Background: Autonomous driving, UAVs, and robotics require continuous and dense scene understanding. Semantic segmentation usually relies on standard RGB cameras producing frame-by-frame outputs. Mainstream video semantic segmentation utilizes temporal consistency between adjacent frames or uses optical flow to propagate keyframe features, but most of these methods assume the input itself is a high-frame-rate video stream.

Limitations of Prior Work: Standard cameras have limited frame rates (e.g., 20Hz), providing a frame every 50ms. In high-speed scenarios, the rapid movement of pedestrians, vehicles, or the robot itself may occur between frames. During this "blind period," the system lacks new RGB images and must rely on stale results. While high-frame-rate RGB cameras can mitigate this, they are significantly more expensive and power-hungry; examples in the appendix show that high-speed RGB cameras cost and consume much more than event cameras.

Key Challenge: Event cameras record brightness changes with microsecond temporal resolution and excel at capturing motion, but the data is spatially sparse with weak texture and semantics. RGB images provide rich semantics but are temporally sparse. The challenge lies not in simply combining RGB and events, but in using the motion information from events to reliably propagate dense semantics extracted from RGB to any target moment.
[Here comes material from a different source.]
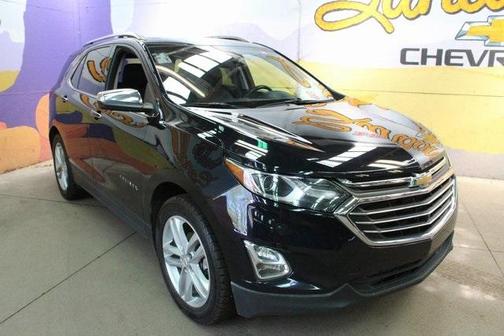 2021 Chevrolet Equinox Premier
Goal: The authors propose Anytime Interframe Semantic Segmentation: given a single past RGB frame \(I_t\) and the event stream \(E_{t-\Delta t\to t+\delta t}\) from the past to the target moment, predict the semantic segmentation map for any \(t+\delta t\) without using future RGB frames. This requires both causality and anytime predictability rather than outputting only at fixed frame intervals.

Key Insight: The observation is that while event streams are semantically weak, they provide high-frequency motion cues. By extracting deep semantic features from RGB frames and propagating them via motion fields estimated from events, the "semantics from RGB" and "timing from events" can be processed separately. This is less affected by reconstruction blur than pixel-level interpolation and has a clearer geometric inductive bias than direct multimodal fusion.

Core Idea: Use event-driven motion fields and explicit confidence scores to propagate deep semantic features, supplemented by temporal memory to compensate for long intervals and occlusions, thereby filling the semantic perception gap between low-frame-rate camera frames.

Method¶

The pipeline of LiFR-Seg is straightforward: semantic features are extracted from low-frame-rate RGB frames, while motion fields and confidence scores for the target moment are estimated from the event stream. Multi-scale semantic features are then splatted to the target moment based on the motion field, and temporal memory attention is used to incorporate long-term context. It does not generate target RGB images for segmentation or directly fuse event and image features; instead, it treats events as the motion basis for "how to transport semantics."

Overall Architecture¶

Input consists of an RGB frame \(I_t\) and the event stream \(E_{t-\Delta t\to t+\delta t}\) up to the target moment. The output is a dense semantic map at \(t+\delta t\). The framework uses an image encoder to obtain multi-scale semantic features \(F_t\), voxelizes the event stream, and feeds it into an event-based optical flow network to obtain the motion field \(\hat{M}_{t\to t+\delta t}\). Simultaneously, ScoreNet predicts a log-precision confidence map \(S\). Softmax Splatting weights the propagation contributions using \(\exp(S)\), and finally, RefineNet, temporal memory attention, and a segmentation decoder generate the target segmentation.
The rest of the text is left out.